> What you need to do: Where the line containing "2024 Chrysler Pacifica Touring-L" appears below, begin there and reproduce each line exactly through the last one, omitting pictures.

> Pictures with short captions:
....................
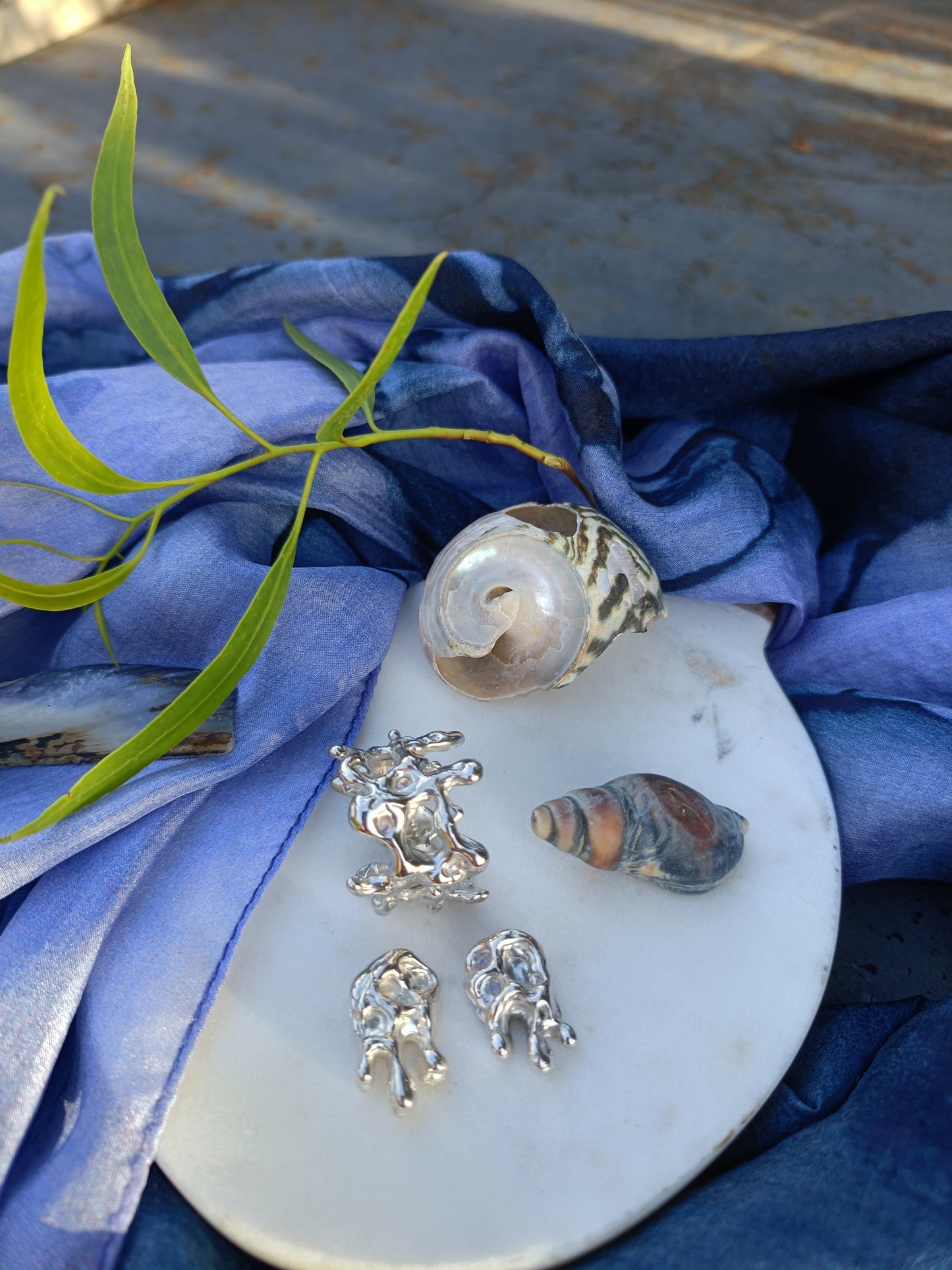 Yewllery Set  Molten Orbit Solid Studs Earrings and Molten Orbit Ring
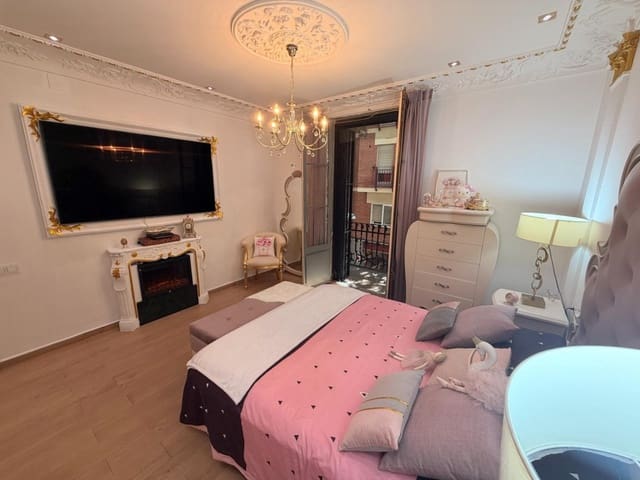 4 soveværelse Lejlighed til salg i El Poble Sec, Barcelona by - € 847.000 (Ref: 9912803)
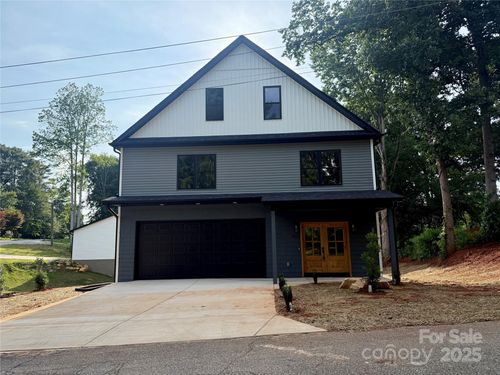 2-908 30th Avenue Dr Nw, Hickory, NC, 28601-9001 | Card Image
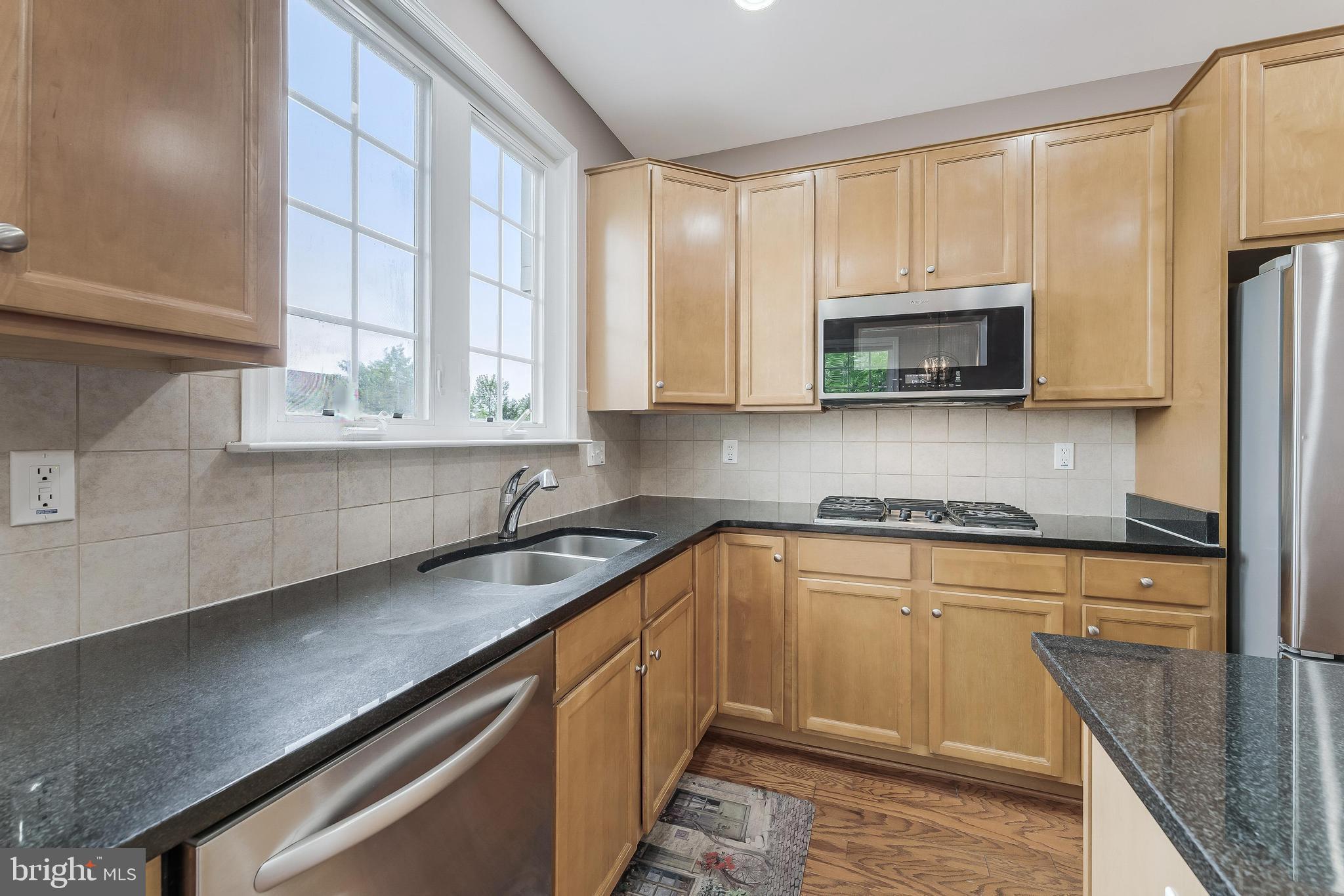 GOOSE CREEK VILLAGE NORTH - Residential Lease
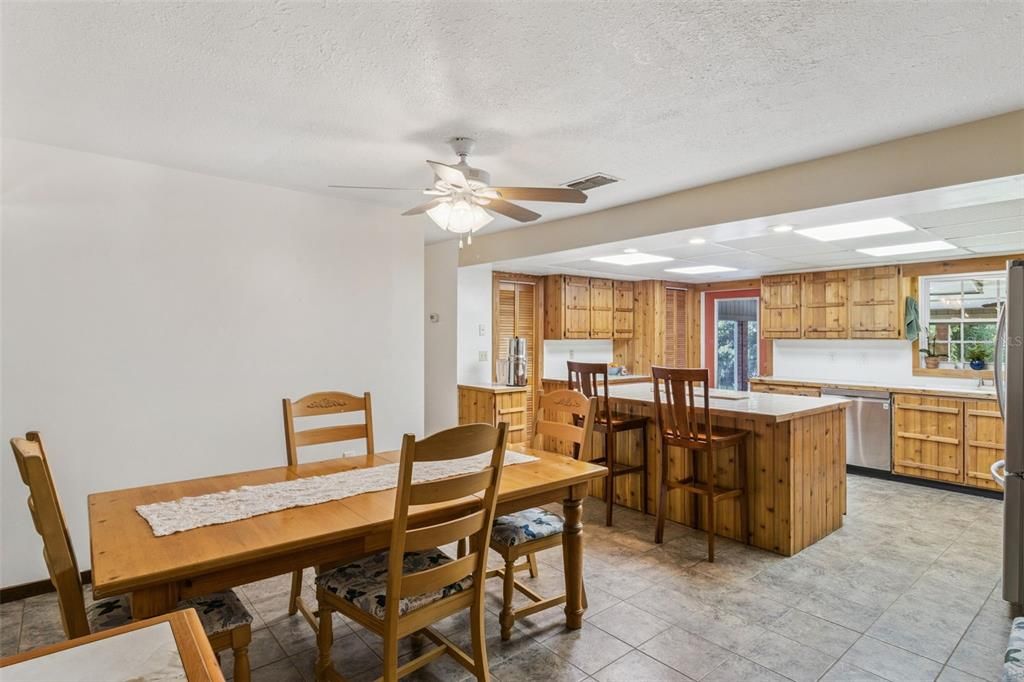 En Venta: $465,000 (3 camas, 2 baños, 2208 Pies cuadrados)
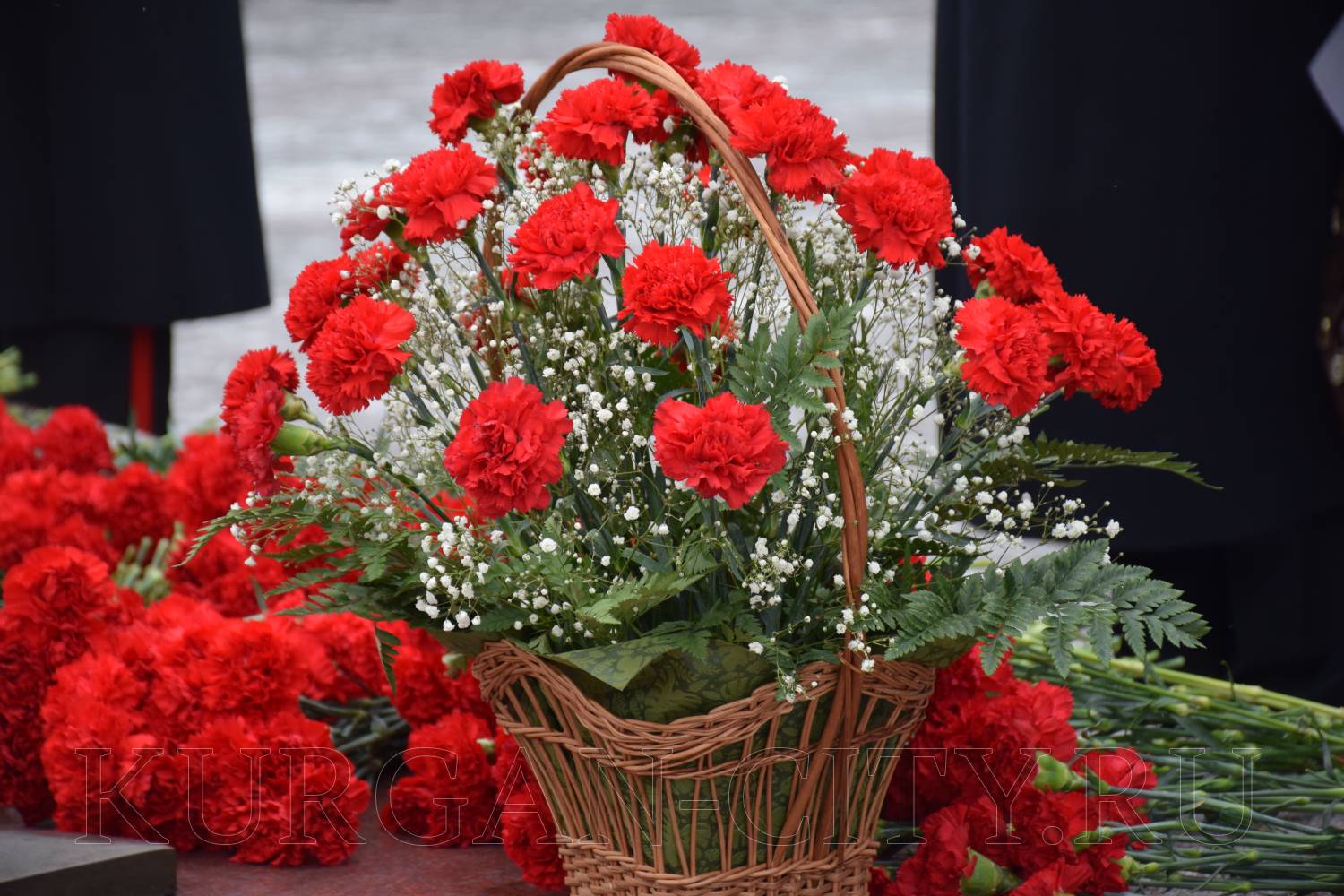 «Спасибо тебе, солдат». В Кургане состоялась торжественная церемония возложения цветов к Вечному огню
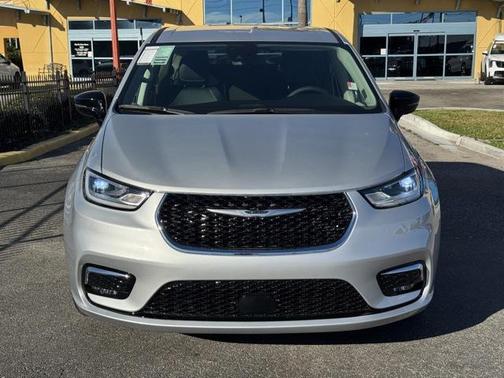 2024 Chrysler Pacifica Touring-L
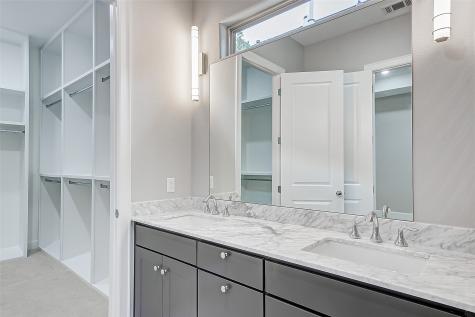 5114 Pine Reach Drive Houston TX 77018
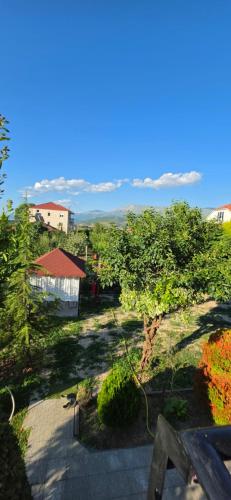 Vila L&D Garden House in Pogradec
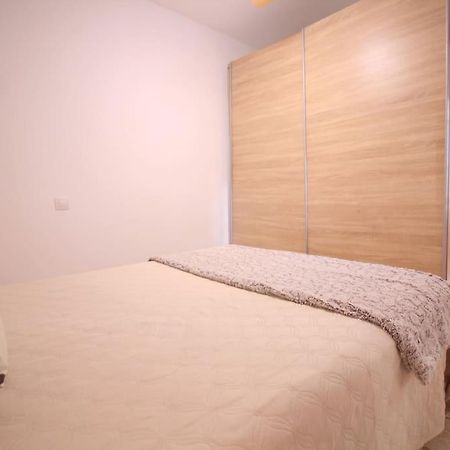 Barrio De Triana - Bidasoa Facil Aparcamiento Siviglia Esterno foto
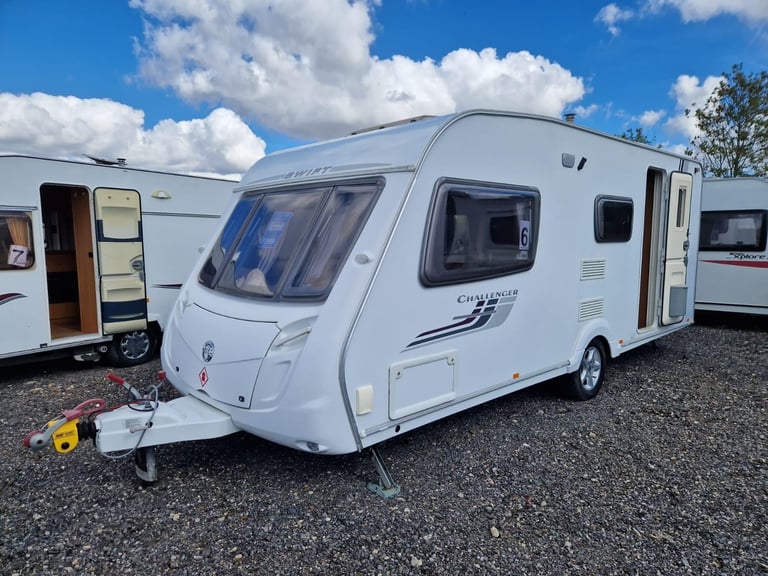image for 2008 Swift Challenger 530 Single Axle 4 Berth Large Rear Bathroom Bunk Bed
....................
> Exercise solution:
 2024 Chrysler Pacifica Touring-L
 5114 Pine Reach Drive Houston TX 77018
 Vila L&D Garden House in Pogradec
 Barrio De Triana - Bidasoa Facil Aparcamiento Siviglia Esterno foto
image for 2008 Swift Challenger 530 Single Axle 4 Berth Large Rear Bathroom Bunk Bed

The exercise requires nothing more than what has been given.